======== STUDY MATERIAL
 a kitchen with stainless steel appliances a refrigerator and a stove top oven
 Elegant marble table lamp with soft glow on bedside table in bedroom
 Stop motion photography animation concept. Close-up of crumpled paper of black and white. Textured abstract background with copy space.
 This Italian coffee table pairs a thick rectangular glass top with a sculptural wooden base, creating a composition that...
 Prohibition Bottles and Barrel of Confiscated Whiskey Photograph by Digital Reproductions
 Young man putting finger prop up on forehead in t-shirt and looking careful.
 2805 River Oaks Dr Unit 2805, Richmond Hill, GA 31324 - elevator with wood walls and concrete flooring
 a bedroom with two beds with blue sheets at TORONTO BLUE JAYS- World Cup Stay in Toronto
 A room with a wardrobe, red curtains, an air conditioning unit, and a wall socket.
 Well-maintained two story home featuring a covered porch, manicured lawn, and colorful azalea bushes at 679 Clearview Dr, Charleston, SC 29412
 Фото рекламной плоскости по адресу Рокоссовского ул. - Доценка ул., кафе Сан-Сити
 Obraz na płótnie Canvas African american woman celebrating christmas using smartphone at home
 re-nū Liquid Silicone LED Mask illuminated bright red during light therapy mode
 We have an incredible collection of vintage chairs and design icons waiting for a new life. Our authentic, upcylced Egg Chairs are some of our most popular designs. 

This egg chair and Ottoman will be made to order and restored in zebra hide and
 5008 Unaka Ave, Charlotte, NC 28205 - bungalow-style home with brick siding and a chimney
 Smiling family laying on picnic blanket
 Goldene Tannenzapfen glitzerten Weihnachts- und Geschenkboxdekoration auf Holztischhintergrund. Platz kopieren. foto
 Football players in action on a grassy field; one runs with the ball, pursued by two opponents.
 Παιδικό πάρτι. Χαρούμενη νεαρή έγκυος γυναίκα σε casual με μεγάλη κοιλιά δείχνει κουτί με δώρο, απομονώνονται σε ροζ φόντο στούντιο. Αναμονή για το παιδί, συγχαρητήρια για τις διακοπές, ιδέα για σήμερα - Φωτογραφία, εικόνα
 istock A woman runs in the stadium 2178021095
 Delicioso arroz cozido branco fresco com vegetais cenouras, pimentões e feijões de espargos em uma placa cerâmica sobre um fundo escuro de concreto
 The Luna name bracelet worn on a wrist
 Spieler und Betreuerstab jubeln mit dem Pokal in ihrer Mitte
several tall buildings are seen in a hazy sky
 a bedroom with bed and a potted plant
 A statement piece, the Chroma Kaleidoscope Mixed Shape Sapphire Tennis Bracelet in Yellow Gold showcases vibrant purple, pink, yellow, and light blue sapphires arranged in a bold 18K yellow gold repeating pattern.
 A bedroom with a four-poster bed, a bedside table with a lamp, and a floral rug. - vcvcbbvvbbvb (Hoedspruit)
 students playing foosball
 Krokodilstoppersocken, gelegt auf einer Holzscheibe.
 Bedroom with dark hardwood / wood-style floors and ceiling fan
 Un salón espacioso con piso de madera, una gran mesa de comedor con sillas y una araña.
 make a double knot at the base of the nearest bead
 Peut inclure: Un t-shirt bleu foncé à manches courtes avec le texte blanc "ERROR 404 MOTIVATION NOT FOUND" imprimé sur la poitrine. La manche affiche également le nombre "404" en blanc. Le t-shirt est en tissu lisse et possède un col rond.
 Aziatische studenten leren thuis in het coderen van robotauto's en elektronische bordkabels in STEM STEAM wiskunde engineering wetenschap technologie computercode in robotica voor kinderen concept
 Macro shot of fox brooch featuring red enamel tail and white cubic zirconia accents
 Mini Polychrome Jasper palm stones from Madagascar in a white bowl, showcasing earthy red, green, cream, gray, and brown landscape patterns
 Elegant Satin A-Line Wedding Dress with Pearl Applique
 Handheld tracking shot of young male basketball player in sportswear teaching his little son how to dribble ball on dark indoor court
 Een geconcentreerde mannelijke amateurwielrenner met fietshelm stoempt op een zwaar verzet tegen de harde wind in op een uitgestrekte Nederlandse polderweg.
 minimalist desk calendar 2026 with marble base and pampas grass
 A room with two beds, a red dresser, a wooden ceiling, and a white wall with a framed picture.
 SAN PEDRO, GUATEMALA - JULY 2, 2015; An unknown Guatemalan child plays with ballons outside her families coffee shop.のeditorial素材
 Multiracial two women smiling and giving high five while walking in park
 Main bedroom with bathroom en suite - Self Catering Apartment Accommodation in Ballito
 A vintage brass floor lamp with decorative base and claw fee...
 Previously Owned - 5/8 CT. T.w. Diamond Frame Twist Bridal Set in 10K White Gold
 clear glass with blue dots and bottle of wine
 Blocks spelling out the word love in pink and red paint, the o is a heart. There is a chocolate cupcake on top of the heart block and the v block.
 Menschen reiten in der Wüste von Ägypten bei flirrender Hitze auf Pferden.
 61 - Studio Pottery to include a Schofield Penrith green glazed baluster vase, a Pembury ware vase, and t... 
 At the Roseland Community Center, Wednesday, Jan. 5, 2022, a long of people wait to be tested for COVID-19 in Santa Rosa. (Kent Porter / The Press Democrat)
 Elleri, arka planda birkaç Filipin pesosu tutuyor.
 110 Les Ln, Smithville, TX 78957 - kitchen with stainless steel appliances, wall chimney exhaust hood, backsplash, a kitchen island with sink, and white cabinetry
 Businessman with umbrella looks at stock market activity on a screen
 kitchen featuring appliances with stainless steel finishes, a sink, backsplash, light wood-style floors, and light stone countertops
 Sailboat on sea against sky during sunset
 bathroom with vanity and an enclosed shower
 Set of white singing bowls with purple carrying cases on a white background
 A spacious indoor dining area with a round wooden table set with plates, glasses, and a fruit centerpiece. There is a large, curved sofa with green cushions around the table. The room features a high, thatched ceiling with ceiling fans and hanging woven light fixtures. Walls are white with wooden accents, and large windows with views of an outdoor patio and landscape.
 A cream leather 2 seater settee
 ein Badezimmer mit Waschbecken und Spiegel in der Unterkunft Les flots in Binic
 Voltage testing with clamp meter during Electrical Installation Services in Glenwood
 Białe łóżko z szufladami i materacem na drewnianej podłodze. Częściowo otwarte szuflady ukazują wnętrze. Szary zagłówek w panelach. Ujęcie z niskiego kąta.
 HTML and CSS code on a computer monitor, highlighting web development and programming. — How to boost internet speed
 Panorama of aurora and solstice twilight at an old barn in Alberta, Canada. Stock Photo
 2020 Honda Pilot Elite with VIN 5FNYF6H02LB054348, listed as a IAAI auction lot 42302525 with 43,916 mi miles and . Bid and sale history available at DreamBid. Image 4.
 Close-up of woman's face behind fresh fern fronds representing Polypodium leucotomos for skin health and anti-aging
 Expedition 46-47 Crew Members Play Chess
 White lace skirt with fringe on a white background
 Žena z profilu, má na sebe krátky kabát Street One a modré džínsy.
================
PROBLEM REQUIREMENTS:
Every line of the material that holds the word "runs" must be found and copied.

WRITTEN SOLUTION:
 Football players in action on a grassy field; one runs with the ball, pursued by two opponents.
 istock A woman runs in the stadium 2178021095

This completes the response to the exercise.